Thursday, May 24, 2012

Touching History

This time, their attention span did not waver. Between the hose, the buckets of dirt and the Indiana Jones-like adventure, the boys’ attention was riveted. We were at Ein Tzurim sifting through 3000 years of history. The dirt was from the Temple Mount where renovations to build a mosque left tons of earth upended and unexplored. The dirt gets sifted, rinsed, examined and sorted –  bucket after bucket after bucket. And this was our task. We joined other volunteers and professionals who have been looking for treasures for the past five years ago. (They estimate that they have another 15 years of work.) It is tedious work but we were anxious to get our hands dirty. In the Negev, we helped build with mud. Now near Mt. Scopus, we hoped that our mud work would help reconstruct our people’s past.

On the ride to the site, we dreamed about the rare objects we’d find. But we knew full well it was highly unlikely. How excited we were to be proven wrong!
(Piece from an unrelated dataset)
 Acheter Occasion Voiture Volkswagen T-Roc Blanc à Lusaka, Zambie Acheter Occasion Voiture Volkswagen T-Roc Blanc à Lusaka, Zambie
With a short introduction by the staff, we were off on our search.

When they weren’t spraying each other with the hose, the boys excitedly called out, "I Spy a mosaic tile." "I Spy a piece of glass." "I Spy a piece of metal." We really did unearth some treasures – and ones not just planted for tourists.

"Yes, that is Byzantine tile," the staff person said as she examined our tray. "And that pottery is from the Second Temple." "That's a bone fragment. It might have been part of a sacrifice. We are not sure,” she remarked before moving on to the next bucket.

Koby's find, a Roman glass bead, was apparently unique since it was bagged and set aside. I was excited to find a Roman roof tile and a First Temple pottery shard... until I placed them in the bucket with hundreds of other Roman tiles and First Temple shards.

But while our shards were fairly common place, the same was not true a day later. On Wednesday, it was revealed that archeologists uncovered a stamp from the First Temple period that mentions Bethlehem by name. This is the oldest evidence corroborating the Bible’s description that Bethlehem was a city in the Kingdom of Judah. And the timing could not be more fitting – Bethlehem plays a central role in the Book of Ruth, which we read on Shavu’ot.

As the holiday approaches, we are reminded that for Jews, history is more than an ancient story.  When we have an aliyah, we do not say God “gave” us the Torah but “gives” us the Torah. Though the revelation on Sinai occurred many thousands of years ago, it happens again in our day.  

Sifting through history is exciting. But for Jews, the past is really never behind us. We can touch it, for it is very much present.

Hag sameiah!

Monday, May 21, 2012

Northern Adventures

It’s been great having the kids in school in a routine. But the short days on Tuesdays and Fridays alone don’t give us the time we want to really explore. So we pulled them out of classes last week for a trip up north to the Galil (Galilee).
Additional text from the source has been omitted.